Our perception of progress heavily influences our motivation to continue. Even when real progress is happening, it’s easy to quit (or make constant, unnecessary adjustments) if progress feels slow because our efforts seem mismatched with our results.
So the real skill isn’t just trying to be consistent. It’s learning to see our progress accurately. And that often requires zooming out.
Putting it into practice
Here’s a simple framework to help you get the benefits of tracking without falling into the “zoomed-in” trap.
1. Pick a monitoring frequency that matches your psychology.
Daily tracking works well for some people. Others more easily feel discouraged by daily fluctuations and do better with 1–3 check-ins per week.

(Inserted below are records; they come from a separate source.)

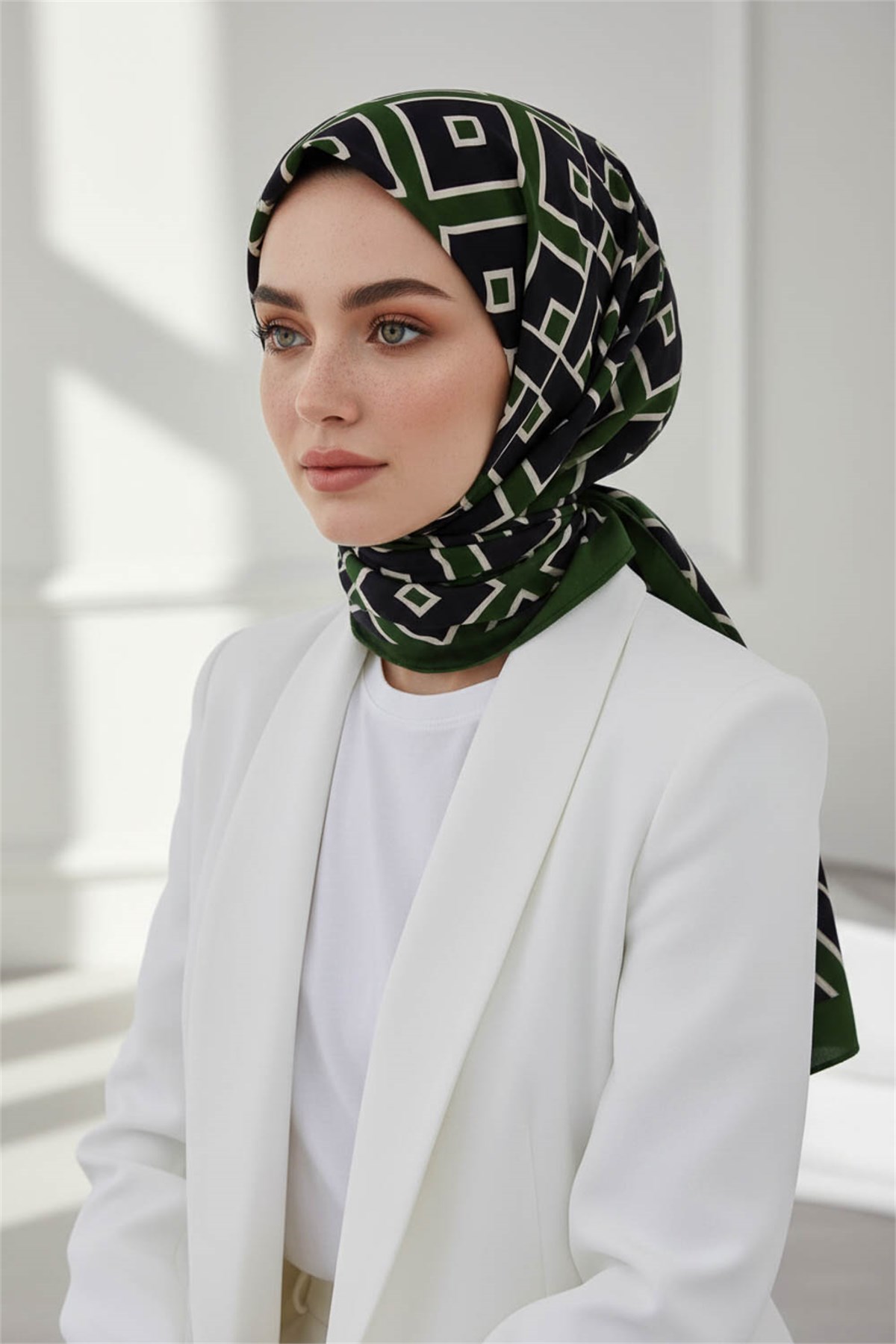 KREP GEOMETRİK DESENLİ ZÜMRÜT YEŞİLİ RENKLİ 75X195 KIRIŞMAZ ŞAL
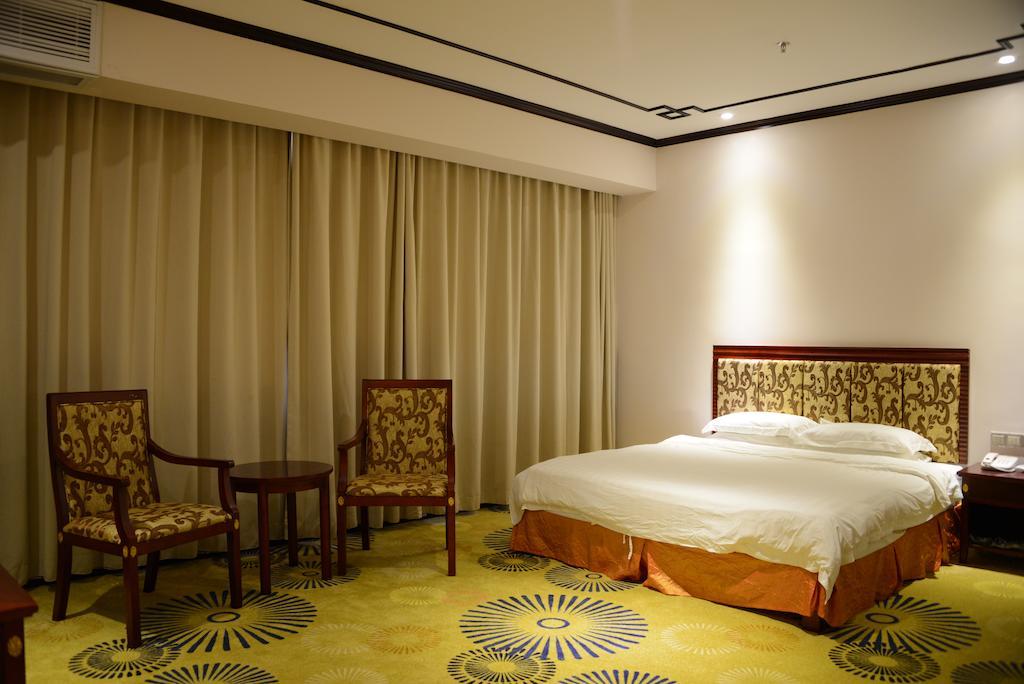 Venice Hotel 3*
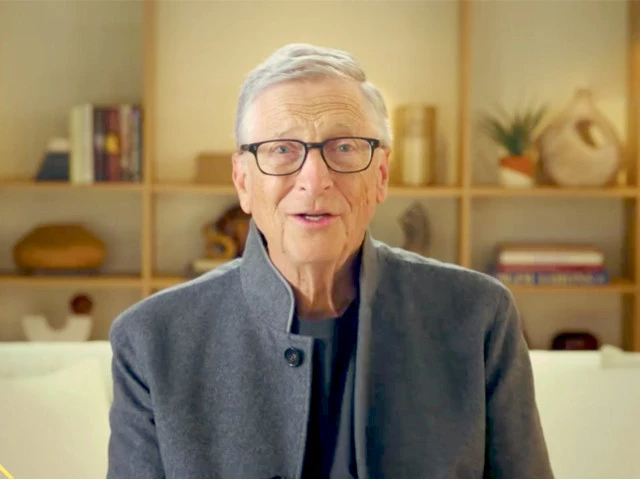 Bill Gates warns about artificial intelligence risks and government regulation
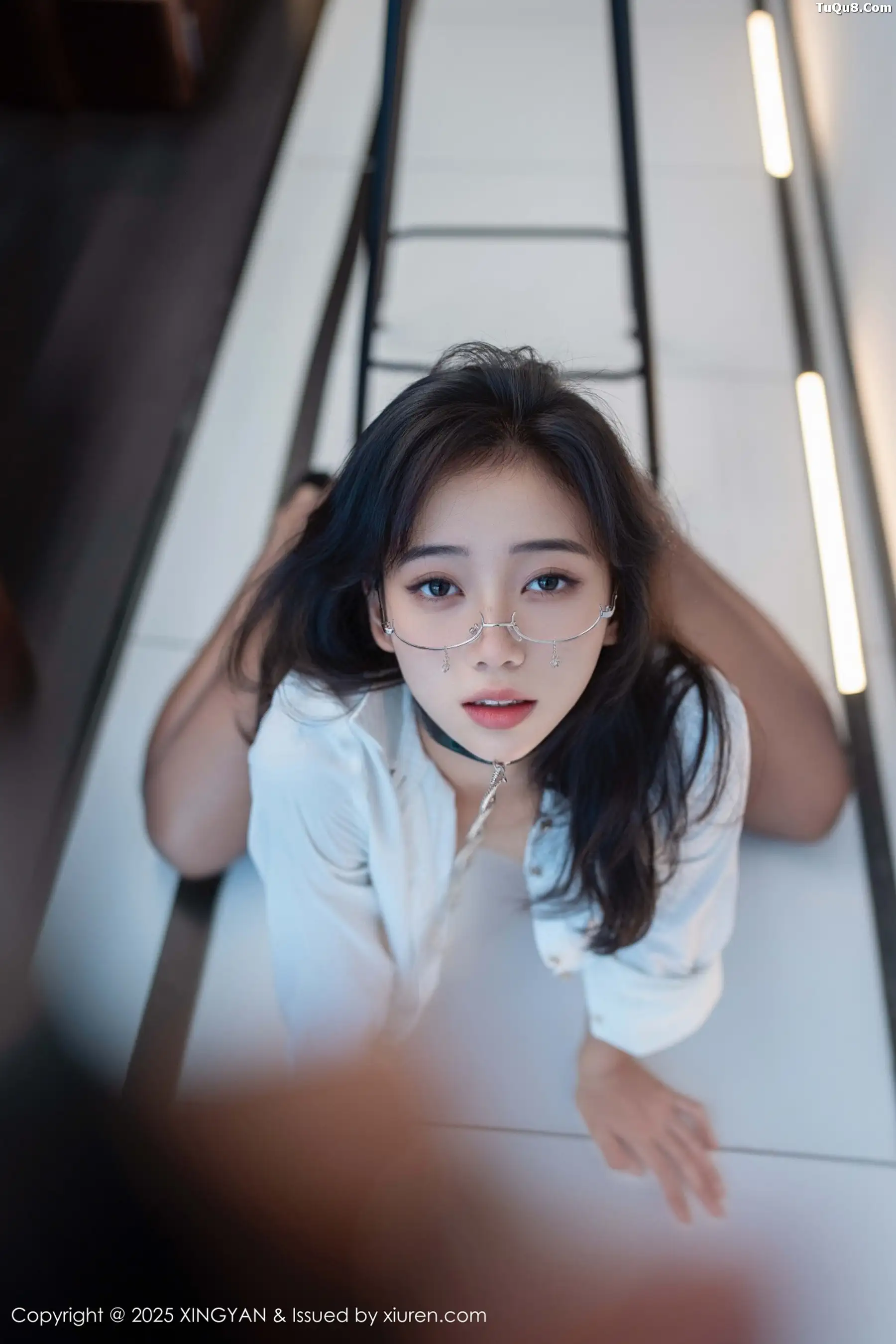 秀人集.com_[XINGYAN星颜社]VOL.439_模特时安安性感白衬衫配黑短裙露超薄黑丝秀柔美身材诱惑写真80P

Researchers seem to agree that there’s no single best frequency other than the one that helps you balance feeling good about your progress while also recognizing when an approach needs adjusting.
2. Regardless of monitoring frequency, treat each data point as simply “information.”
Not a grade or a verdict of your self-worth. Not a sign that “nothing is working”. Just feedback that helps you…
3. Make changes based on trends, not points.
Individual data points are almost meaningless on their own. What matters more are weekly and monthly trends. Use those bigger-picture patterns to decide what needs to change and what’s already working.
4. Practice the skill of zooming out.
Noticeable improvements in any endeavor follow a predictable rule: they look slow up close and obvious when you step back.
Zooming out is a skill. The more you practice it, the better you’ll feel about your progress and the easier consistency will become.